Wednesday, 20 July 2016

Demographic Change and White Identity Politics in the United States

MaD Colloquium with Eric Knowles, New York University

Compared to other racial-ethnic groups, Whites are less likely to view themselves as members of a discrete, tangible, and coherent social category. Eric Knowles posits that ongoing demographic changes in the United States — where the non-White population is growing and will exceed that of Whites around mid-century — are altering Whites’ subjective experience of their race. Specifically, he theorizes population changes underway in the U.S. are rendering racial identity increasingly salient, concrete, and important to Whites, with profound implications for intergroup relations and politics. To test the hypothesized link between demographics and the “reification” of White identity, he examines the degree to which a nationally representative sample of American Whites have a well-defined (i.e., reified) sense of their race. Whites with a history of rapidly increasing exposure to non-Whites are the most racially reified.
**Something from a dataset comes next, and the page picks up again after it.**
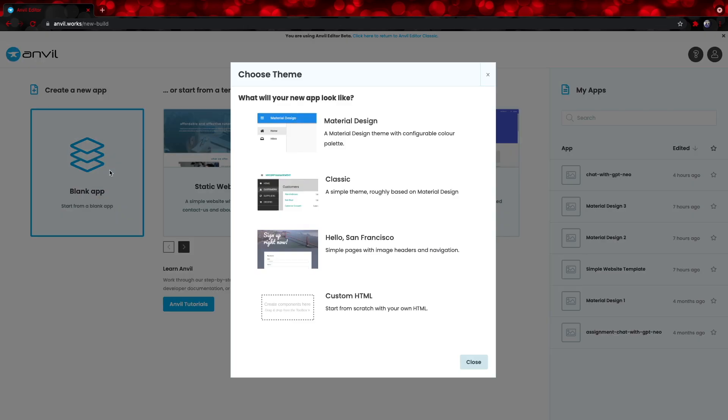Let's now select Blank App, and then select Material Design for the theme. And personally, I really like Material Design. It was created by Google, and I find that apps that use it have a really nice UI.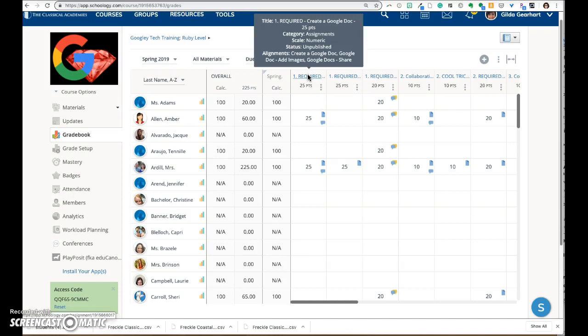If you hover on the title of that grade column now, you'll see that the status is unpublished.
In turn, Eric Knowles presents evidence from this and other datasets indicating that racial reification encourages ethnocentrism and “White identity politics,” in which dominant-group members adopt political preferences and affiliations with the (sometimes explicit) purpose of advancing the ingroup’s interests over those of racial minorities.

Eric Knowles is Associate Professor of Psychology and Director of the Politics and Intergroup Relation Lab at New York University.